The challenge facing the Skywalker Sound team was deceptively simple: make a cinema audience feel like they're strapped inside a Formula 1 car at 200 miles per hour. No racing film had ever attempted it with this level of access to the real sport, and the team knew broadcast audio wouldn't cut it. "F1 has done a great job getting mics on the cars for TV," Nelson told Variety. "But it's still broadcast quality. For cinema, we wanted to build on that."
Matchbook Recorders and a Half-Pound Problem
Authenticity started with production sound mixer Gareth John, who found himself navigating the obsessive weight restrictions of real Formula 1 teams. When Nelson showed Mercedes team principal Toto Wolff a Zoom F3 recorder weighing about half a pound, Wolff shut it down immediately. "Absolutely not. You're never putting that on our car," Nelson recalled in a Skywalker Sound interview.
So the team found recorders the size of a matchbook. During tyre tests — when the cars run but aren't racing — they finally got their microphones on, strapping packs near exhausts and air ducts with cable ties. Hours of pristine recordings came back, many from George Russell's Mercedes.
There was a further complication. The cars driven on set by Brad Pitt and Damson Idris were actually Formula 2 machines — visually similar, but with six gears instead of eight. Every engine sound had to be replaced. The team called the process "ADR-ing the cars," matching real F1 recordings to each on-screen moment, turn by turn, gear by gear.
Lewis Hamilton's Three-Word Brief
Real-life seven-time world champion Lewis Hamilton served as technical advisor, and his input reshaped the entire sonic approach. "Up until we met with Lewis, we thought we were really getting the sound dialled in," Nelson told IndieWire. Hamilton pushed for more detail — where different corners demand different driving, where specific sounds reach the driver's ear — and delivered a three-word edict that became the team's north star.
"Authentic, authentic, authentic," as re-recording mixer Juan Peralta put it.
From there, the team could bend the rules for cinema. Each race on the global circuit was given its own sonic personality. The Silverstone sequence plays with no music at all — pure engine roar and trackside atmosphere. Hungary gets a traditional Hans Zimmer score. Las Vegas turns inward, filtering effects and commentary through the frustration of Pitt's character, Sonny Hayes.
"If we just played the cars against music in a standard way, it would become monotonous," said re-recording mixer Gary Rizzo. "Each race needed to have its own signature."
A World-Class Pit Crew
The team brought serious pedigree to the task. Rizzo is a multiple Oscar winner for Dunkirk and Inception. Whittle's credits include Avatar. Kosinski himself had pushed the boundaries of cinematic sound with Top Gun: Maverick.
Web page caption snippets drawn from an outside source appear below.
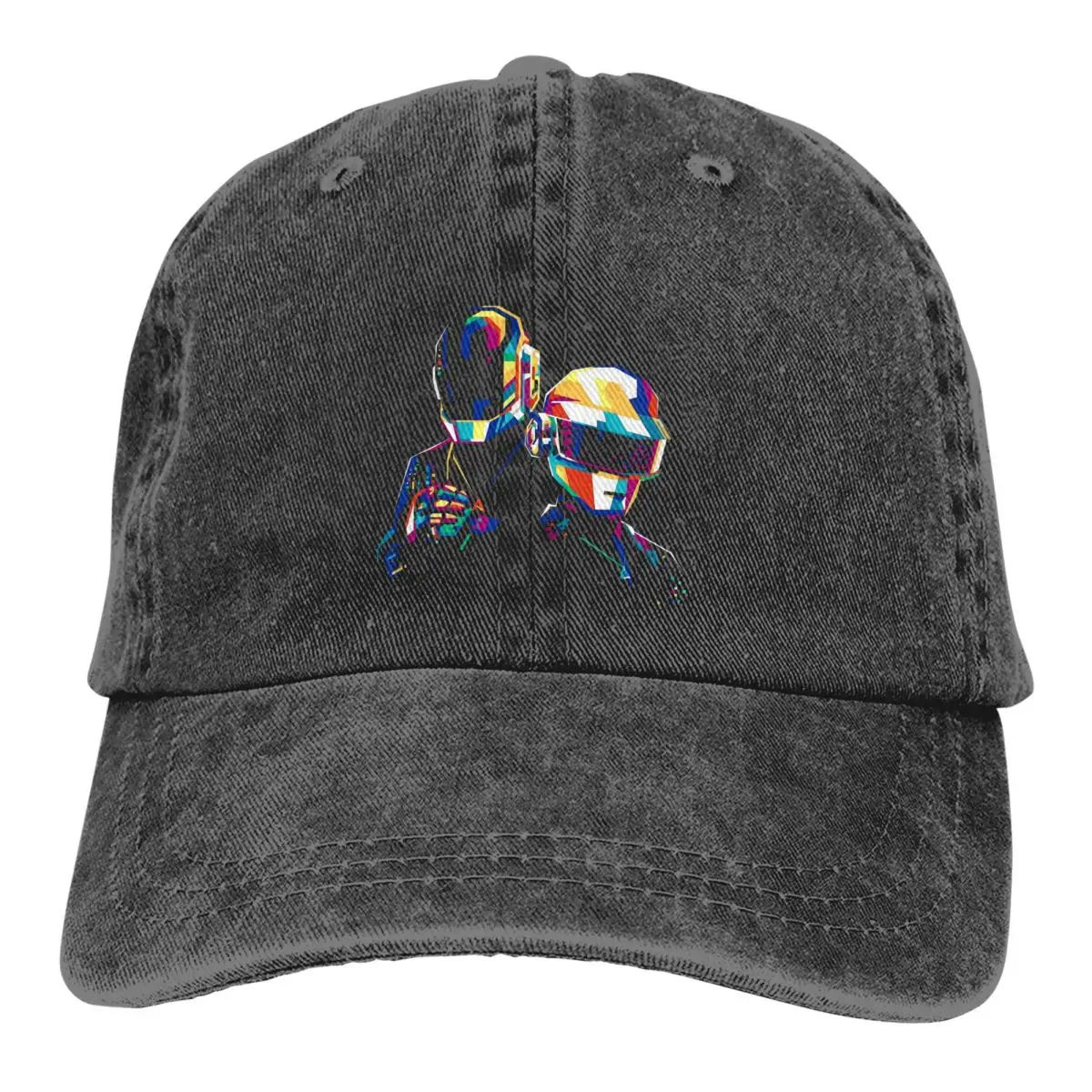 

Washed Men's Baseball Cap Colorful Guy Manuel De Homem Christo Trucker Snapback Caps Dad Hat Band Daft Punk Golf Hats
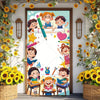 A colorful vinyl backdrop banner featuring cartoon children and flowers for events.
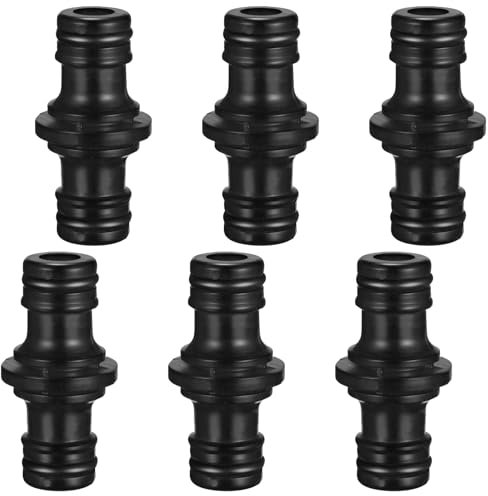 Raheem 6 Stück 1/2 Zoll Doppelstecker Gartenschlauch Verbindungen Schlauchkupplung Coupling Gardena Kupplung Doppelte Stecker-Schlauchanschluss-Verlängerung für Garten Haus Schlauch (Schwarz)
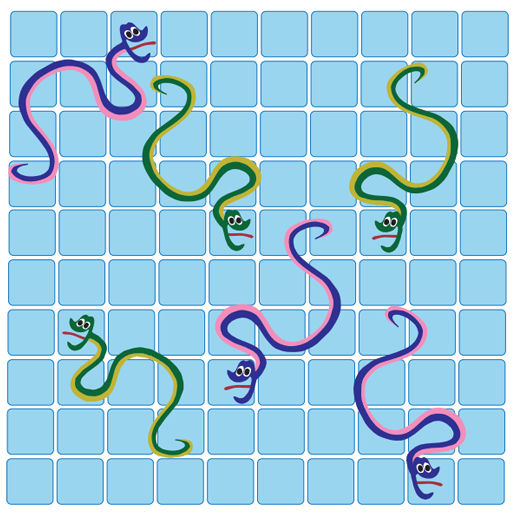 Blank Snakes and Ladders template, with different colored snakes instead of ladders.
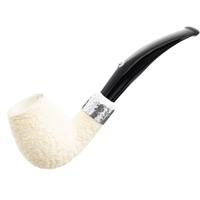 English Estates Barling Ivory 1812 Meerschaum Rusticated Bent with Silver (with Case) (9mm) (Unsmoked)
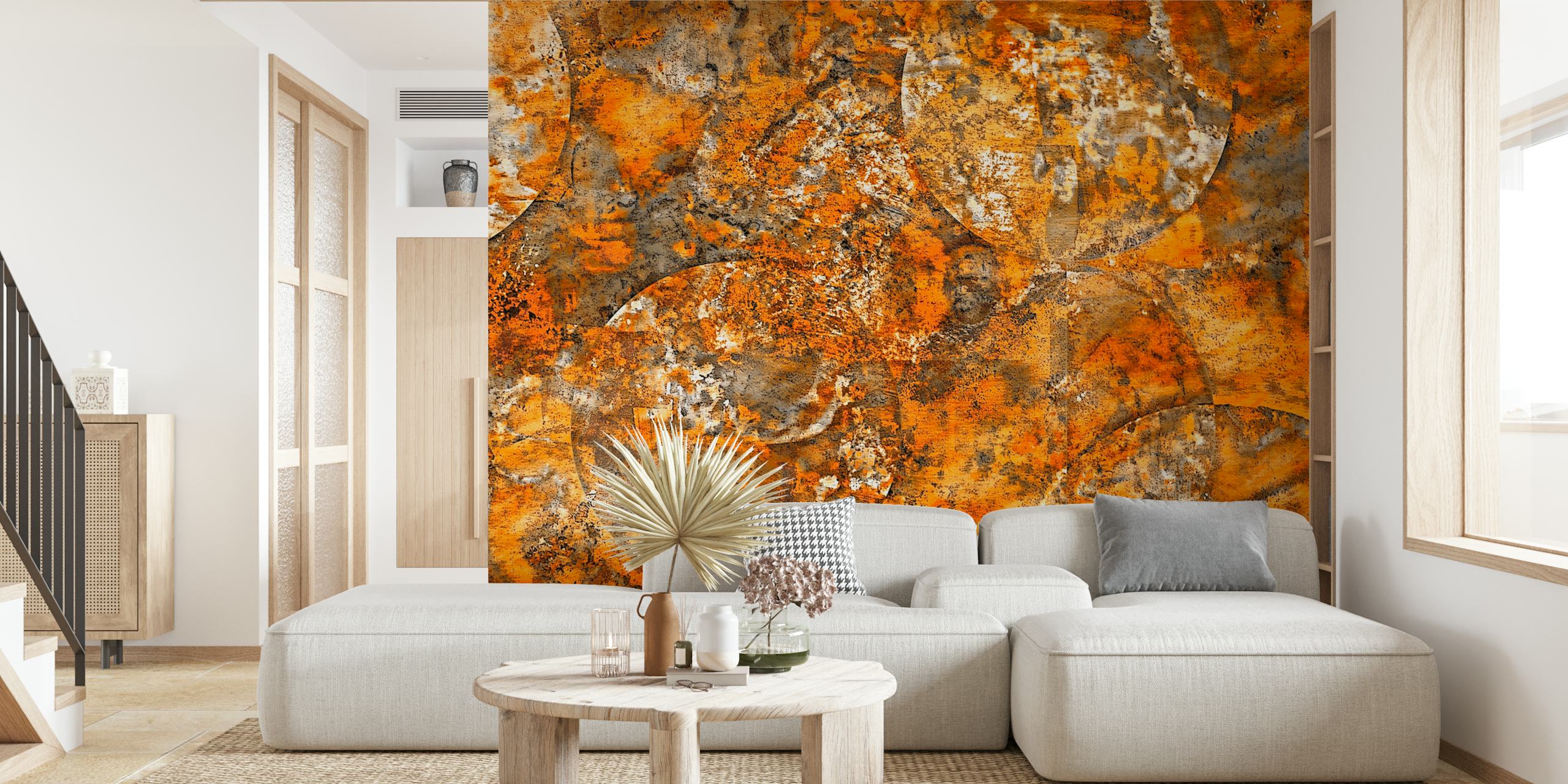 Rust textured orange and gray pattern wallpaper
But Whittle insisted that character, not spectacle, drove every decision. "Character always leads," she said. "It's the story about this loner overcoming obstacles. If that doesn't work, the movie doesn't work."
The win came from a strong field. Also nominated were Frankenstein, One Battle After Another, Sinners (featuring the legendary Benjamin A. Burtt), and Sirāt — a lineup reflecting the breadth and ambition of modern film sound.
Whittle summed up the experience with a metaphor fitting for the subject. "Everyone was supporting each other. Juan was giving Gary notes about dialogue and music, Gary was giving Juan notes about the effects. Appropriately for this movie, we had a really great pit crew."
The audience never sees the pit crew. But at 200 miles per hour, you feel every second of their work.